Add LOBPCG solver for large symmetric positive definite eigenproblems #184

bytesnake · 2020-03-12T20:12:12Z

This PR ports the LOBPCG algorithm from scipy to Rust. The algorithm is useful for the symmetric eigenproblem for just a couple of eigenvalues (for example for multidimensional scaling of gaussian kernels). Solves the issue #160

I did not implement the generalized eigenproblem for matrix B different to identity, as its a uncommon use-case (at least in machine-learning), but if required the modification should be minor.

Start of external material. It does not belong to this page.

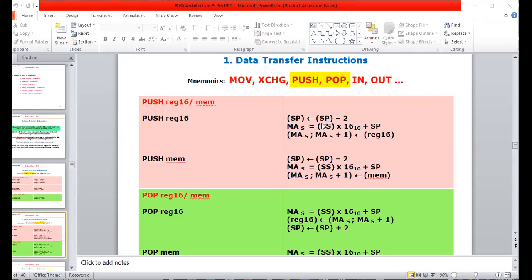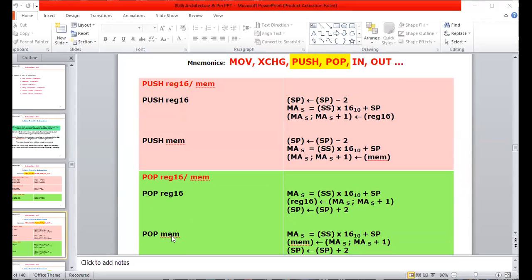We discussed how to calculate the 20-bit physical address using the stack segment base address and the offset address from the stack pointer. Similarly, for pop instructions, for every one pop operation the stack pointer will increment by two. The register size should be 16-bit, and in push and pop operations we handle 16-bit numbers.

It also adds access to the functions ssygv, dsygv, zhegv, chegv for the generalized eigenvalue problem

with additional mass matrix B. The traits are implemented for tuples of A and B, so you can use it like this

let (eigvals, (eigvecs, B_cholesky)) = (A, B).eigh(UPLO::Upper);

Remaining issues:

Implement the orthogonalization to the constraint matrix Y
Improve documentation of the lobpcg.rs file and add examples
Implement truncated eigenvalue decomposition
Implement truncated SVD based on this
Benchmark the implementation
Add restart routine if cholesky fails

Example:

fn main() {
    let a = arr2(&[[3., 2., 2.], [2., 3., -2.]]);

    // calculate the truncated singular value decomposition for 2 singular values
    let result = TruncatedSvd::new(a, TruncatedOrder::Largest).decompose(2).unwrap();

    // acquire singular values, left-singular vectors and right-singular vectors
    let (u, sigma, v_t) = result.values_vectors();
    println!("Result of the singular value decomposition A = UΣV^T:");
    println!(" === U ===");
    println!("{:?}", u);
    println!(" === Σ ===");
    println!("{:?}", Array2::from_diag(&sigma));
    println!(" === V^T ===");
    println!("{:?}", v_t);
}

lobpcg · 2020-03-21T17:21:04Z

pls let me know if you need any advice on LOBPCG implementation tricks

bytesnake · 2020-03-22T11:31:47Z

Yes it is always a bit difficult to re-implement something from code and understand the reasoning behind it. So I currently have some free time and decided to implement LOBPCG for manifold learning. I brushed up some numeric classes for the conjugated gradient and Rayleigh-Ritz method.
The code is almost identical with the scipy implementation, except for some minor language details. (for example there is no restart flag, because the conjugated matrix P is optional and automatically restarted if none)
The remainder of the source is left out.